Problem details: Would you retype exactly the lines from the one containing "bathroom featuring toilet, wood" through the last line of the records below, and nothing else?
[[ Data for review, beginning ]]
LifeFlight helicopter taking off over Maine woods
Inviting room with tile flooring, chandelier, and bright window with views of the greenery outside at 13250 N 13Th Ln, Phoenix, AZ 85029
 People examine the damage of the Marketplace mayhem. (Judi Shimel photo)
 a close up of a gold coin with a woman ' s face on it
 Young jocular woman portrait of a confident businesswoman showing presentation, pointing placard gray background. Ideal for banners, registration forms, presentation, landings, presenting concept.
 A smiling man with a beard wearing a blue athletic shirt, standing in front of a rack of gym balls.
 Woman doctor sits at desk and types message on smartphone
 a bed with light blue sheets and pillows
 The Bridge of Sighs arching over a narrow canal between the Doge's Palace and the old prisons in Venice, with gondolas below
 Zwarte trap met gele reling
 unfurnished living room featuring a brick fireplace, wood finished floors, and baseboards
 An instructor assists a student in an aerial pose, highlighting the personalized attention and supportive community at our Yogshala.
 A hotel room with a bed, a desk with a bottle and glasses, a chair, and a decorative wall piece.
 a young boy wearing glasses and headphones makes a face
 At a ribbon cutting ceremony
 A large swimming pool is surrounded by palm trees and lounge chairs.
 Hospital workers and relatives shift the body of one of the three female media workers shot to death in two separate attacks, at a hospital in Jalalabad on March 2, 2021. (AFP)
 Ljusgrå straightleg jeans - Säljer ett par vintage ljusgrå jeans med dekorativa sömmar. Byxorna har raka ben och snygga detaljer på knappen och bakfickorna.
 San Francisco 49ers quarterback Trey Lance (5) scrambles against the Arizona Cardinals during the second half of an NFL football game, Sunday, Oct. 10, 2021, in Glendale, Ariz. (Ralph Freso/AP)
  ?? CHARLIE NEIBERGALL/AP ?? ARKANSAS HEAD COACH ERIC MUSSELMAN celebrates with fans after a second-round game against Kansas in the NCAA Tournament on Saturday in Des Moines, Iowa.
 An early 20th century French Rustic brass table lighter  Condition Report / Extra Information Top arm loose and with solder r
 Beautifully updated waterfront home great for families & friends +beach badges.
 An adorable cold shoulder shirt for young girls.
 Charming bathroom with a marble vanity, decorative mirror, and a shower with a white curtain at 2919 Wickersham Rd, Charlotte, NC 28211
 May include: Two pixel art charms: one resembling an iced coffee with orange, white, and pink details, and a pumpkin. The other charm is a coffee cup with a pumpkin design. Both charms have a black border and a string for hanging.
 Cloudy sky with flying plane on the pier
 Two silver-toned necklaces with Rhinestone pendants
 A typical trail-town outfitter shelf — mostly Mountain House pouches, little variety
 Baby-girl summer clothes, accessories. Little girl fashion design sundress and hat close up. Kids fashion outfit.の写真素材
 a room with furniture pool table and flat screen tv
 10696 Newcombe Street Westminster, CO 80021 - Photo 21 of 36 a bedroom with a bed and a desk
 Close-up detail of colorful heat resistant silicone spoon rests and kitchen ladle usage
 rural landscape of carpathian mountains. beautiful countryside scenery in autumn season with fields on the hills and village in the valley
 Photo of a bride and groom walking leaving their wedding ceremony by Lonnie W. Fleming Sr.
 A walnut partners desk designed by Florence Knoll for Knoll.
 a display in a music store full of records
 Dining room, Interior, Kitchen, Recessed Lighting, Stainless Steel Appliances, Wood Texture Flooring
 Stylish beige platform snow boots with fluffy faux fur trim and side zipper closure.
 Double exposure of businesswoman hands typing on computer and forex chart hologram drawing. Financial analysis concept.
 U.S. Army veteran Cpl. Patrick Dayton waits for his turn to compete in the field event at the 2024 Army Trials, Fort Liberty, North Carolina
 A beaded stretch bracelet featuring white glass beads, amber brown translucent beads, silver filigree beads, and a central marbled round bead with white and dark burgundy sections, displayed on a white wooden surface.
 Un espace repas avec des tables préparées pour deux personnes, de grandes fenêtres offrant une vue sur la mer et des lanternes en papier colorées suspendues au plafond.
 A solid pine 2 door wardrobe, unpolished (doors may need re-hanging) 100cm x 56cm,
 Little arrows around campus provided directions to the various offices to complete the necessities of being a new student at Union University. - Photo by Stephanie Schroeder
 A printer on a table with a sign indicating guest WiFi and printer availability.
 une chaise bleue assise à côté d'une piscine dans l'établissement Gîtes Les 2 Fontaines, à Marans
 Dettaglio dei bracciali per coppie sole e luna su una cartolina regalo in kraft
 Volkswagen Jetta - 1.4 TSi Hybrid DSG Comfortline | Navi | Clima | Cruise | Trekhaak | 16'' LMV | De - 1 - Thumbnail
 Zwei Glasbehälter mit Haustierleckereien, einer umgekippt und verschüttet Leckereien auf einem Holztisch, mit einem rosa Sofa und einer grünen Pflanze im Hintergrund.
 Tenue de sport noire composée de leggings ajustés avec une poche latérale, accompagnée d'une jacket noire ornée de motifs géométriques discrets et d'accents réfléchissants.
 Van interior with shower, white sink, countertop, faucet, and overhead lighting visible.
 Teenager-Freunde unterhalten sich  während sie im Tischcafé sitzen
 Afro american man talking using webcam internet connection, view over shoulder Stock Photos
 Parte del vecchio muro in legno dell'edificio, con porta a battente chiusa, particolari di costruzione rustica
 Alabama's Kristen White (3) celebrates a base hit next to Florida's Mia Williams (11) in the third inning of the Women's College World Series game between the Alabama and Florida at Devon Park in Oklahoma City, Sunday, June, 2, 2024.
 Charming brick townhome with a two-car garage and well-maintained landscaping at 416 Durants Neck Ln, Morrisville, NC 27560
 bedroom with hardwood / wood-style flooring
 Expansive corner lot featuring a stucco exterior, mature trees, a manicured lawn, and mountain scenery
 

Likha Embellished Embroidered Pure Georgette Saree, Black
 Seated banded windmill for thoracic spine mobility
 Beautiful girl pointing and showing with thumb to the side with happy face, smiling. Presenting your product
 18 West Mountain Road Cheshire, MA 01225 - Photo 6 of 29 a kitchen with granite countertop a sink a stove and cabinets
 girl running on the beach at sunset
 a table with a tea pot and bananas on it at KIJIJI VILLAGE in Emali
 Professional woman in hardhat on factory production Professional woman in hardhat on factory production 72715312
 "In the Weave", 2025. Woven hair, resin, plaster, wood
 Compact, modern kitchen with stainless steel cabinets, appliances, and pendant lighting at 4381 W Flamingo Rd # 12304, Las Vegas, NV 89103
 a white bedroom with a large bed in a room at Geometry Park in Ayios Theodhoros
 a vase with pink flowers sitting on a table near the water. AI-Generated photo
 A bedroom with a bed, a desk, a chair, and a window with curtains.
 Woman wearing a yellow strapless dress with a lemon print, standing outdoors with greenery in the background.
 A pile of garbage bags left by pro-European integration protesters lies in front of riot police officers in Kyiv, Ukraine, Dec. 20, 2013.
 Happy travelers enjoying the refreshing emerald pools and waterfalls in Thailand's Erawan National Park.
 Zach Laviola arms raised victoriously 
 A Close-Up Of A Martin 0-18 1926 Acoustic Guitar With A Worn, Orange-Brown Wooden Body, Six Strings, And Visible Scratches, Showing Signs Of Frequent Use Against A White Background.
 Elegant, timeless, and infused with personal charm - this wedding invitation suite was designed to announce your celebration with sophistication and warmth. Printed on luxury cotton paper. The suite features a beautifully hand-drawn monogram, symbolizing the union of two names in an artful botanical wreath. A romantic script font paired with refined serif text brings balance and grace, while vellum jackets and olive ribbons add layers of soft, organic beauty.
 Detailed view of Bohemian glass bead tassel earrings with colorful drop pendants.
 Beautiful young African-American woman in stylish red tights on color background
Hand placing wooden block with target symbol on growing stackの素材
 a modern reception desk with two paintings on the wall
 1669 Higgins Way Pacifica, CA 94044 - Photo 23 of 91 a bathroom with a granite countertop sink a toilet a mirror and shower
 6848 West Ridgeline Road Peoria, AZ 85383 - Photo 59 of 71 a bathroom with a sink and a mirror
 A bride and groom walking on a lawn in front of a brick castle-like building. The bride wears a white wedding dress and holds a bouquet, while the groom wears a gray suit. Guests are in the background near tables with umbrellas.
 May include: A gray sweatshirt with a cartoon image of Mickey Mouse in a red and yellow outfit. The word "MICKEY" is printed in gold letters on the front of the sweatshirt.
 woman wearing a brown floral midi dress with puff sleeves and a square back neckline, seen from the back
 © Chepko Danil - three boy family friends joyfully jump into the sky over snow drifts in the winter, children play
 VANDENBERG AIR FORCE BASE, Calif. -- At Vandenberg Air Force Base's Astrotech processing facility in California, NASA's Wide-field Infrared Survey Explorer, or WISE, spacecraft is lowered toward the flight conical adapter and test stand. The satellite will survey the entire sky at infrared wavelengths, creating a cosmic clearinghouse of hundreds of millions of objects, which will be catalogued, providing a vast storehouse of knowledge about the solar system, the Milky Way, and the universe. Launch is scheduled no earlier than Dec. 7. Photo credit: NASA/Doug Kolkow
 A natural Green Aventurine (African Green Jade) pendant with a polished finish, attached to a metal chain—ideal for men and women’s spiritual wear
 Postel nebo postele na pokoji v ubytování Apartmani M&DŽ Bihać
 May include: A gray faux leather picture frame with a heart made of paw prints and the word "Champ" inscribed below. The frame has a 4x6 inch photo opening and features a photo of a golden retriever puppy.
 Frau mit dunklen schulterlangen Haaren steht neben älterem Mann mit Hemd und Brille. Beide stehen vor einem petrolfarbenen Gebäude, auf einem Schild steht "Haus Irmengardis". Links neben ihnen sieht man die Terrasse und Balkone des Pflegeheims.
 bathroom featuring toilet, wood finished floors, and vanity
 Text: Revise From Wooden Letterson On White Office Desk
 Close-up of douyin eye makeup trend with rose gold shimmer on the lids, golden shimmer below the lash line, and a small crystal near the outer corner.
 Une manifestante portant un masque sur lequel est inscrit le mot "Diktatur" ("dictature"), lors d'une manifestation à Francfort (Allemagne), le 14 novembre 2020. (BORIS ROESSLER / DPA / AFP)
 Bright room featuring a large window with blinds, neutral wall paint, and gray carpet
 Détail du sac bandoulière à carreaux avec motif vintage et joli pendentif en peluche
[[ Data for review, end ]]
Answer for this exercise:
 bathroom featuring toilet, wood finished floors, and vanity
 Text: Revise From Wooden Letterson On White Office Desk
 Close-up of douyin eye makeup trend with rose gold shimmer on the lids, golden shimmer below the lash line, and a small crystal near the outer corner.
 Une manifestante portant un masque sur lequel est inscrit le mot "Diktatur" ("dictature"), lors d'une manifestation à Francfort (Allemagne), le 14 novembre 2020. (BORIS ROESSLER / DPA / AFP)
 Bright room featuring a large window with blinds, neutral wall paint, and gray carpet
 Détail du sac bandoulière à carreaux avec motif vintage et joli pendentif en peluche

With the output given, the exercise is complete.